In conjunction with the bookstore resolution, the library is also undergoing construction. Part of the fourth floor of the library is currently closed off to students because shelves are being removed to create new study spaces for students.

The president explained that the process is taking some time because light fixtures were embedded in the shelves, so they must be removed then reinstalled. The library renovations will also include redoing the atrium on the first floor of the library and replacing old furniture.

The Lawrence and Eris Field Building construction is progressing forward and entering its second phase. The renovation includes redoing the lobby of Mason Hall and converting “fairly large space in the front end of the building on the 23rd side  ” into a student lounge. The latter’s construction will start this year.

The administration is also working toward securing funds to improve Baruch’s Steven L Newman Real Estate Institute on 22nd St.

Wu explained that the building was once home to the Student Center, which is now located on 25th St., but the Real Estate Institute is now an underutilized study area for students. In a push to bring students to the southern part of the campus and reduce overcrowding in the Newman Vertical Campus building, Wu wants to allocate funding toward improving that study area.

This list of ongoing and proposed projects seeks to respond to students’ frustration over a lack of room on campus to do work or hang out. However, some students are seeking space in order to fulfill a religious obligation to pray.

With the start of Ramadan approaching, Wu also addressed the demand from some Muslim students to create a larger meditation space.

Since last fall, Muslim students have demanded a larger meditation space than Newman Vertical Campus room 3-225. They said it is too small, resulting in overcrowding in the hallway as students wait for their turn to enter and pray.

In a Feb. 1 email, Vice President for Student Affairs and Dean of Students Art King wrote, “At this time, the College cannot reasonably and equitably accommodate this request because we are space-challenged,” as previously reported by The Ticker.

Wu doubled down on this statement.

“Basically what’s offered to them is that if they have a larger events [that] will be coming up so you know, Ramadan is coming up and you need a larger prayer space and they could, they are certainly free to go into the Student Affairs reservation system to reserve some of those larger rooms,” he said to The Ticker. “But it turns out having a room that’s permanently designated to only them, that’s just not something that we can do.”

He explained that the administration is looking for options to create a larger multi-faith space, but cannot make one specifically for Muslim students.
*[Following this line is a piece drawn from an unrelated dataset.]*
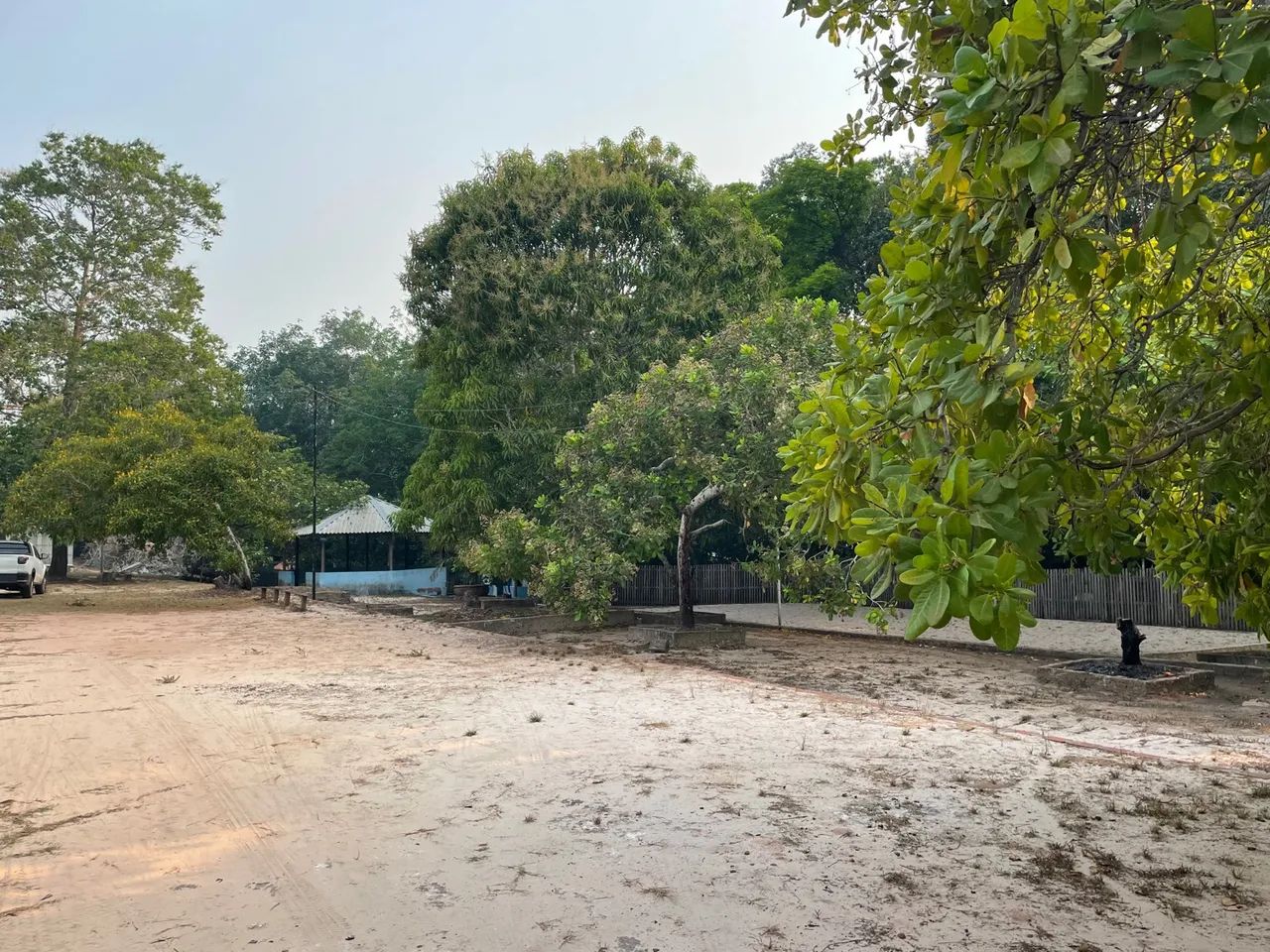 Terreno com Igarapé Av. Everaldo Martins KM 8 - Foto 3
During the 2021-2022 school year, room 2-125 acted as a temporary meditation room, but became a general club event space once more when in-person club events restarted in fall 2022.
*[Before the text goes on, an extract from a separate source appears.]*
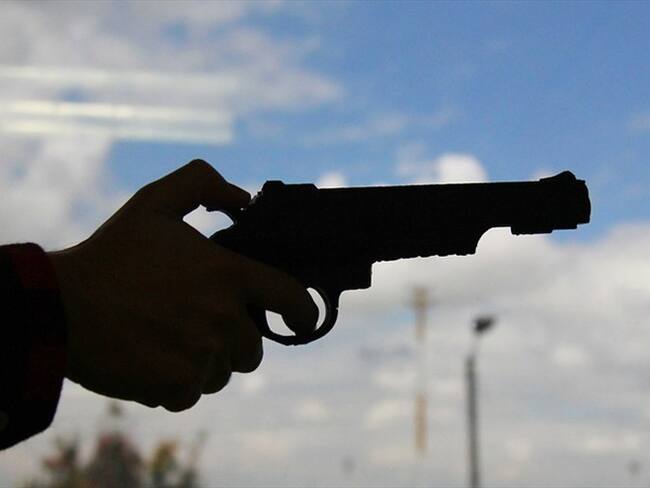 Imagen de referencia. Foto: Colprensa - Álvaro Tavera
The Ticker previously noted that room 2-125 has a larger capacity than the current mediation room, according to the Office of Student Life’s website.

Wu said it was “technically possible” to convert the current meditation room into a club space and room 2-125 into the multi-faith space, but posed a question himself.

“The question is, is that a good use of the space from the perspective of all students that we serve?” he said. “The sort of dedicated student space that we have is limited. In other words, every time you take something away and designate it for something and that space becomes unavailable to everybody else. So that’s the problem.”